Gough Industrial Solutions has designed an all-purpose concrete mixer to respond to the efficiency and safety challenges contractors face in the Australian market.
When faced with the challenge of designing a concrete mixing truck to suit the diverse market of today’s contractors, Gough Industrial Solutions explored what it could do to ensure it would be a good fit for the market.
The company looked at what was currently available on the market and what situations the trucks often found themselves in and designed the Dynamix Concrete Mixers to exceed those levels.
Neil Seales, Product Manager at Gough Industrial Solutions, says the business focused at improving the truck’s loading and unloading times, improving the efficiency through design and reducing possible risks that operators could face.
“When loading a mixer at a concrete plant, ensuring the trucks have a faster throughput means the trucks can get sent out to their work site quicker,” Mr. Seales says.
“We have found that around 95 per cent of concrete used in Australia and New Zealand is dry batch concrete, so we designed the bowls for these dry batch applications, with the ability to function equally in wet batch applications,” he adds.
This was one of the reasons behind the Dynamix mixer’s low angle bowl. By building the bowl to be longer instead of wider, Gough was able to reduce the amount of concrete that can roll back in on itself when discharging.
Flights have also been used in the bowl to improve the mixing process and stop the product from becoming too dense, which can slow unloading times.
Mr. Seales says other products on the market can sometimes struggle when it comes to discharging low slump concrete.
“When a concrete bowl sits on too high of an angle, discharging the product is like sending it up a hill. By keeping the angle low it makes discharging concrete easier and has a secondary effect of giving it a lower centre of gravity,” he says.
“An additional benefit from the low centre of gravity is the higher roll threshold, which goes a long way to improving safety.”
The bowls are also made out of high tensile 510-megapascal steel for improved longevity.
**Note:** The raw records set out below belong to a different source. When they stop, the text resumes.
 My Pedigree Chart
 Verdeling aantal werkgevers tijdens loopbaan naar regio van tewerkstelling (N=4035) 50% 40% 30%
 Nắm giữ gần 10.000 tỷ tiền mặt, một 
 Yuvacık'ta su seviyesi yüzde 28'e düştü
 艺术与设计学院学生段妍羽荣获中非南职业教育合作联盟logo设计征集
“We have found the bowls are frequently handling up to 30,000 cubic metres of dry batch concrete before needing to be repaired or replaced,” he says.
“In the Australian market, the average concrete truck does about 6000 to 7000 cubic metres a year, so it’s looking at a life span of around four to five years.”
To ensure the system can also save companies on fuel and maintenance costs, Gough has included an in-built travel mode, which limits the bowl to a consistent two revolutions per minute while the truck is driving.
Mr. Seales says this was implemented to stop the bowl from speeding up when connected to the truck’s engine.
“Mixers have their hydraulic systems connected to the truck’s engine, meaning when a truck is moving to a job site, the bowl will want to speed up. By using the travel mode, it ends up saving the operator money on diesel and engine wear and bowl wear,” he says.
“This is because the faster the bowl rotates, the quicker the concrete will begin to set. As a rule of thumb, concrete loses one per cent of water per minute in transit to a job, so the slower the bowl goes, the slower the drying effect.
“Between saving fuel, delivering a better product and reducing bowl wear, I don’t know why everyone doesn’t do it. It’s such a big saving,” Mr. Seales adds.
The system has modes for traffic, washing and plant functions and can be customised for different control systems. These can be used to speed up loading or to improve the wash cycle, controlled by a standard button display.
“One of our customers in New Zealand has put in a fully automated version of the system that detects when the truck is travelling faster than eight kilometres per hour and automatically shifts into travel mode,” Mr. Seales says.
One feature that Gough included into the design of the Dynamix Mixer was to install an electric driven pressurised water system with dedicated non-pressurised water tank for cleaning and adding slump water, manufactured in Italy by Danish company Danfoss.
Mr. Seales says the decision was made after Gough found that other Australian mixers would use pressurised air tanks connected to the auxiliary braking system.
“By using some of the best technology available and ensuring they are not connected to vital systems, it means there is less chance of something going wrong and reduce the risk to the operator,” Mr. Seales says.
“We have also designed the vehicle to have no external controls, except for an emergency stop buttons, meaning the operator can stay in control at all times. Wireless remote systems are standard for a Dynamix Mixer.
“I recently had an Australian customer who was blown away by the Dynamix’s design. They said its low centre of gravity and aesthetic of the design made the system stand out.”